- Born: March 6, 1963
- Died: March 9, 2006 (aged 43) Aboard airplane en route from San José, Costa Rica to Los Angeles, California, U.S.
- Occupation: Soccer executive
- Known for: President and General Manager of the Los Angeles Galaxy
- Awards: Major League Soccer Executive of the Year (2003–2005)

= Doug Hamilton (soccer) =

Doug Hamilton (March 6, 1963 - March 9, 2006) was president and general manager of the Los Angeles Galaxy. He was previously the general manager of Miami Fusion F.C. Hamilton died from a heart attack aboard an airplane while traveling from San José, Costa Rica to Los Angeles, California.
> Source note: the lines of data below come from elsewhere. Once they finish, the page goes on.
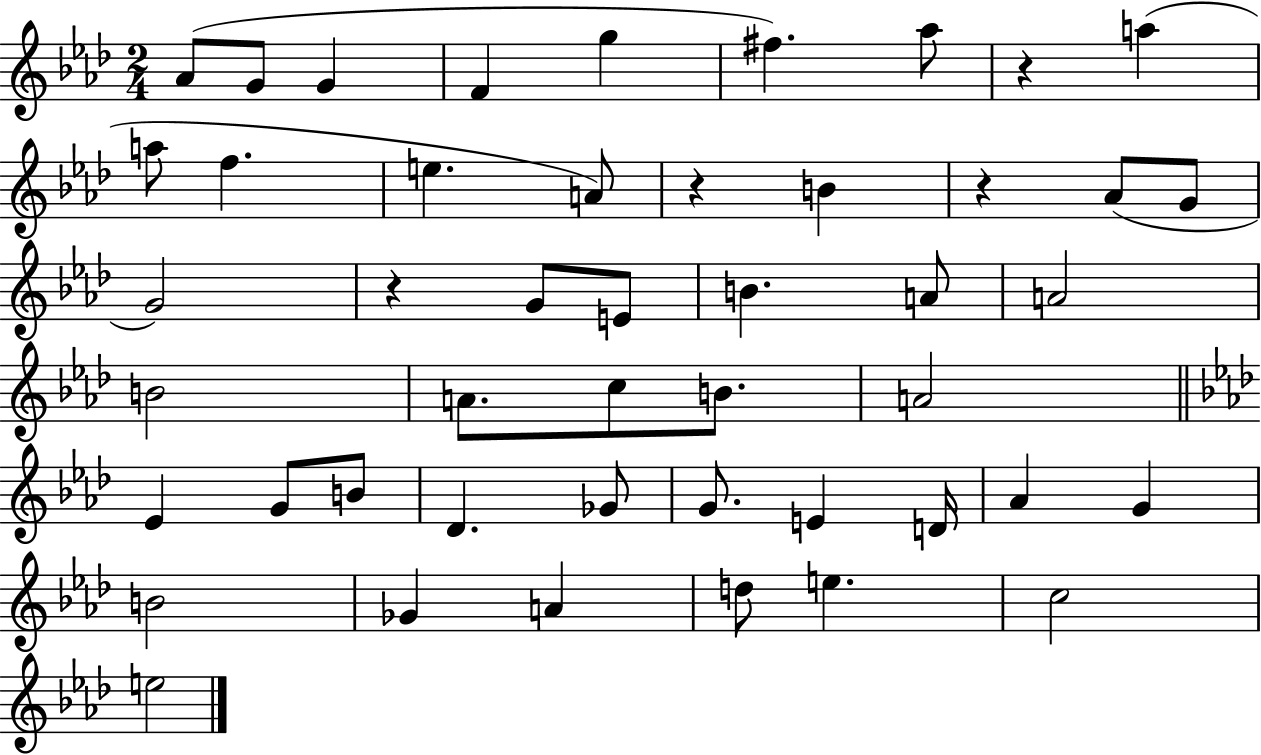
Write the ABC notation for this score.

X:1
T:Untitled
M:2/4
L:1/4
K:Ab
_A/2 G/2 G F g ^f _a/2 z a a/2 f e A/2 z B z _A/2 G/2 G2 z G/2 E/2 B A/2 A2 B2 A/2 c/2 B/2 A2 _E G/2 B/2 _D _G/2 G/2 E D/4 _A G B2 _G A d/2 e c2 e2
Hamilton was raised in Hazlet, New Jersey, and attended St. Benedict School, and then later, Raritan High School, both in Hazlet. He attended the University of North Carolina at Greensboro and played for the men's soccer team that won two NCAA Division III championships. He then served four years as head coach of the men's soccer team at Greensboro College. Raritan High School holds a tournament every year in honor of him. He had a son named Aedan and a wife named Paige.

Hamilton won the Major League Soccer Executive of the Year award three straight times, 2003–2005. On March 15, 2006, the league renamed that award the Doug Hamilton Executive of the Year Award.